They also often worked with an FBI agent, renowned for his antiterrorism and undercover work, Fred Dellray. Murders of this sort aren't usually federal crimes but Dellray often helped Sellitto and Rhyme on homicides and would make the resources of the Bureau available without the typical red tape. But the Feds had their hands full with several massive Enron-style corporate fraud investigations that were just getting under way. Dellray was stuck on one of these.
Hence, Baker's presence — not to mention his influence at the Big Building — was a godsend. Sellitto now disconnected his cell phone call and explained that Sachs was interviewing the suspect at the moment, though he wasn't being very cooperative.
Sellitto was sitting next to Mel Cooper, the slightly built, ballroom-dancing forensic technician that Rhyme insisted on using. Cooper suffered for his brilliance as a crime scene lab man; Rhyme called him at all hours to run the technical side of his cases. He'd hesitated a bit when Rhyme called him at the lab in Queens that morning, explaining that he'd planned to take his girlfriend and his mother to Florida for the weekend.
Rhyme's response was, "All the more incentive to get here as soon as possible, wouldn't you say?"
"I'll be there in a half hour." He was now at an examination table in the lab, awaiting the evidence. With a latex-gloved hand, he fed some biscuits to Jackson; the dog was curled up at his feet.
"If there's any canine hair contamination," Rhyme grumbled, "I won't be happy."
"He's pretty cute," Cooper said, swapping gloves.
The criminalist grunted. "Cute" was not a word that figured in the Lincoln Rhyme dictionary.
Sellitto's phone rang again and he took the call, then disconnected. "The vic at the pier — Coast Guard and our divers haven't found any bodies yet. Still checking missing persons reports."
Just then Crime Scene arrived and Thom helped an officer cart in the evidence from the scenes Sachs had just run.
About time...
Baker and Cooper lugged in a heavy, plastic-wrapped metal bar.
The murder weapon in the alleyway killing.
The CS officer handed over chain-of-custody cards, which Cooper signed. The man said good-bye but Rhyme didn't acknowledge him. The criminalist was looking at the evidence. This was the moment that he lived for. After the spinal cord accident, his passion — really an addiction — for the sport of going one-on-one with perps continued undiminished, and the evidence from crimes was the field on which this game was played.

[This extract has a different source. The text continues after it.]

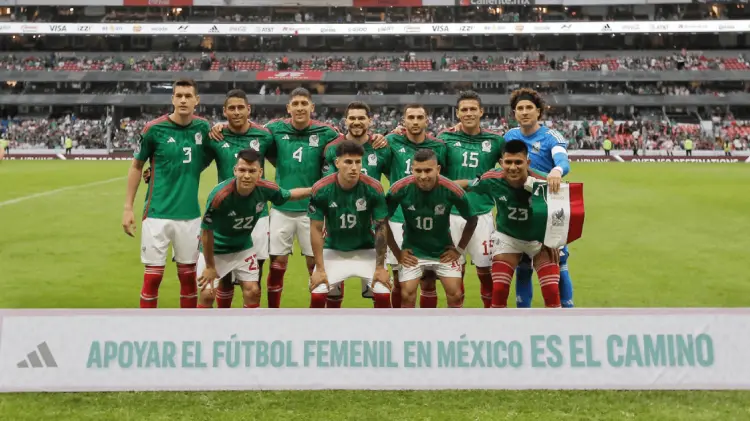 Selección Mexicana de Futbol (Foto: Especial/EXPRESO)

He felt eager anticipation.
And guilt too.
Because he wouldn't be filled with this exhilaration if not for someone else's loss: the victim on the pier and Theodore Adams, their families and friends. Oh, he felt sympathy for their sorrow, sure. But he was able to wrap up the sense of tragedy and put it somewhere. Some people called him cold, insensitive, and he supposed he was. But those who excel in a field do so because a number of disparate traits happen to come together within them. And Rhyme's sharp mind and relentless drive and impatience happened to coincide with the emotional distance that is a necessary attribute of the best criminalists.
He was squinting, gazing at the boxes, when Ron Pulaski arrived. Rhyme had first met him when the young man had been on the force only a short time. Although that was a year earlier — and Pulaski was a family man with two children — Rhyme couldn't stop thinking of him as the "rookie." Some nicknames you just can't shake.
Rhyme announced, "I know Amelia has somebody in custody but in case it isn't the perp, I don't want to lose time." He turned to Pulaski. "Give me the lay of the land. First scene, the pier."
"All right," he began uneasily. "The pier is located approximately at Twenty-second Street in the Hudson River. It extends into the river fifty-two feet at a height of eighteen feet above the surface of the water. The murder —"
"So they've recovered the body?"
"I don't think so."
"Then you meant apparent murder?"
"Right. Yessir. The apparent murder occurred at the far end of the pier, that is, the west end, sometime between six last night and six this morning. The dock was closed then."
There was very little evidence: just the fingernail, probably a man's, the blood, which Mel Cooper tested and found to be human and type AB positive, which meant that both A and B antigens — proteins — were present in the victim's plasma, and neither anti-A nor anti-B antigens were. In addition a separate protein, Rh, was present. The combination of AB antigens and Rh positive made the victim's the third-rarest blood type, accounting for about 3.5 percent of the population. Further tests confirmed that the victim was a male.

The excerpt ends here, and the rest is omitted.